Conditions of Women
Tunisia stands out as the most progressive nation on women’s issues in the Arab region. Successive reforms of the national personal status code have achieved near gender equality. The government is committed to incorporating women into human development through attention to gender concerns. Although women’s position in Tunisia can still be improved, the government’s track record provides optimism for the future.
In the area of education, women in Tunisia have shown steady improvement. Female adult illiteracy has dropped 27 percent since 1980, but remains high at 42 percent. This number can be expected to drop further as the World Bank estimates that nearly 100 percent of both boys and girls were enrolled in primary education by 1998. Literacy has proven vital to women asserting their rights under the reformed personal status code. A government survey in 1991 found that 70 percent of illiterate women were unaware of their rights under the code. The Ministry of Women and Family Affairs has undertaken several national media campaigns to promote awareness of women’s rights.
Law of Personal Status
Women’s personal status in Tunisia is generally equal to that of men. The Tunisian Code of Personal Status does not contain explicit references to Islam, though Islamic values played a role in its crafting. The Tunisian government has sought to develop a new phase of Islamic thinking (ijtihad) distinct from the Islamic law in other Muslim countries. This new thinking has included reforms to create gender equality in the areas of marriage, divorce, child custody, and women’s social autonomy. The latest round of reforms in 1993 brought Tunisian law in accordance with international human rights standards. Supporters of the reforms do not see this as an abandonment of Islamic values, but rather as an evolution for the modern period. Problems have been reported in the enforcement of the reforms when they are contrary to social convention.

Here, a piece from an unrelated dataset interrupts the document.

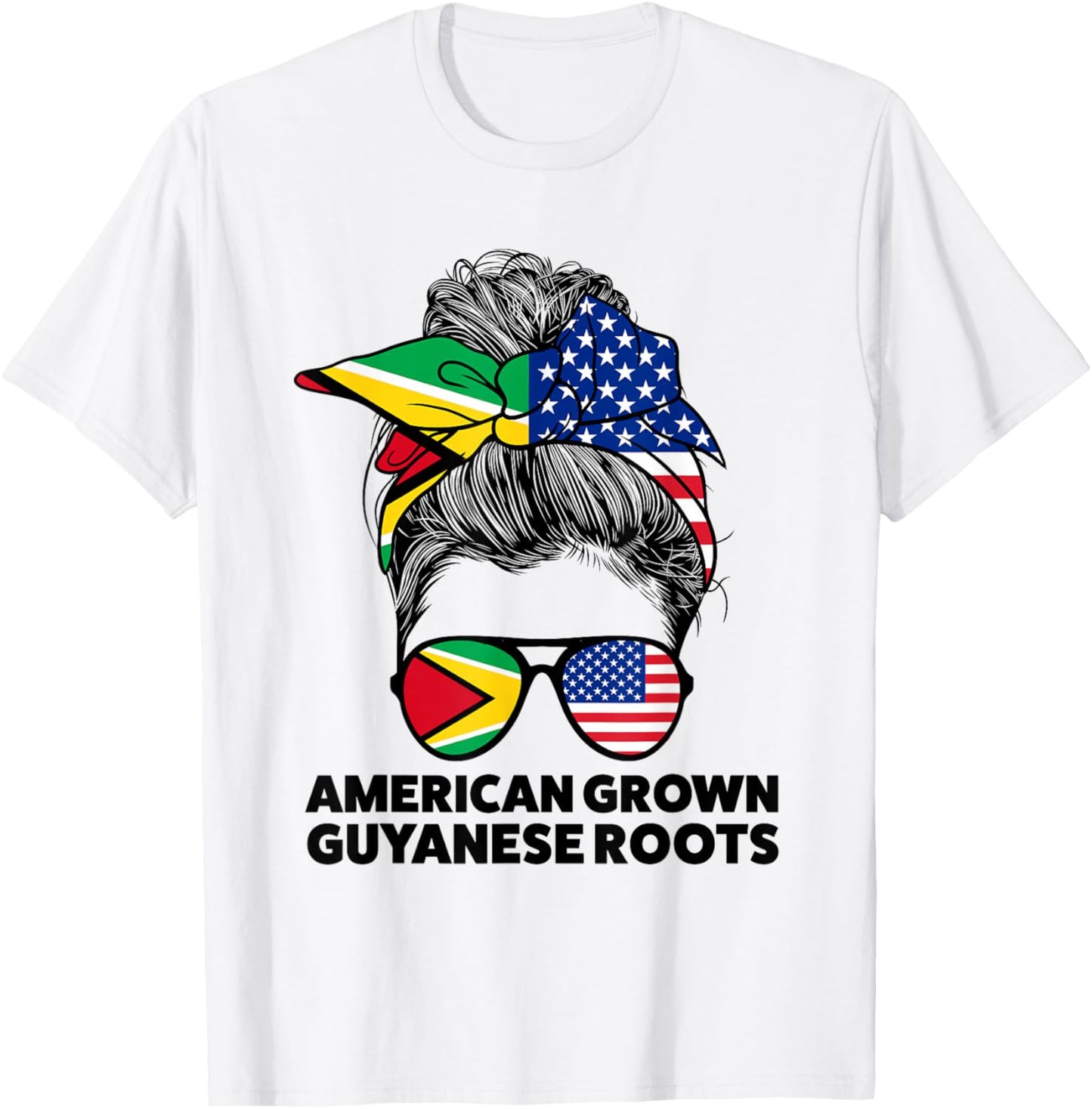 American Grown Guyanese Roots Guyana Guyanese Flag T-Shirt - T-Shirt | White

Women hold relatively few senior positions in the government (3 percent at the ministerial level) but there are a number of governmental bodies created to deal specifically with women’s issues. National institutions for women include the Ministry of Women and Family Affairs, the National Women and Development Commission, and the National Council of Women and the Family. In the 1999 parliamentary elections, women won 21 of the total 182 seats in the national government. Women have a higher level of representation at the local level, where 17 percent of municipal council members are female. President Bin Ali proclaimed on November 7, 2007 that the Constitutional Democratic Rally Party, of which he is the leader, will raise the ratio of women’s presence on its parliamentary and municipal election lists from 20% to at least 30%. He asserted that this positive discrimination in favor of women is in harmony with the development of Tunisian society, and makes Tunisian women responsible for preserving their gains and advancing them.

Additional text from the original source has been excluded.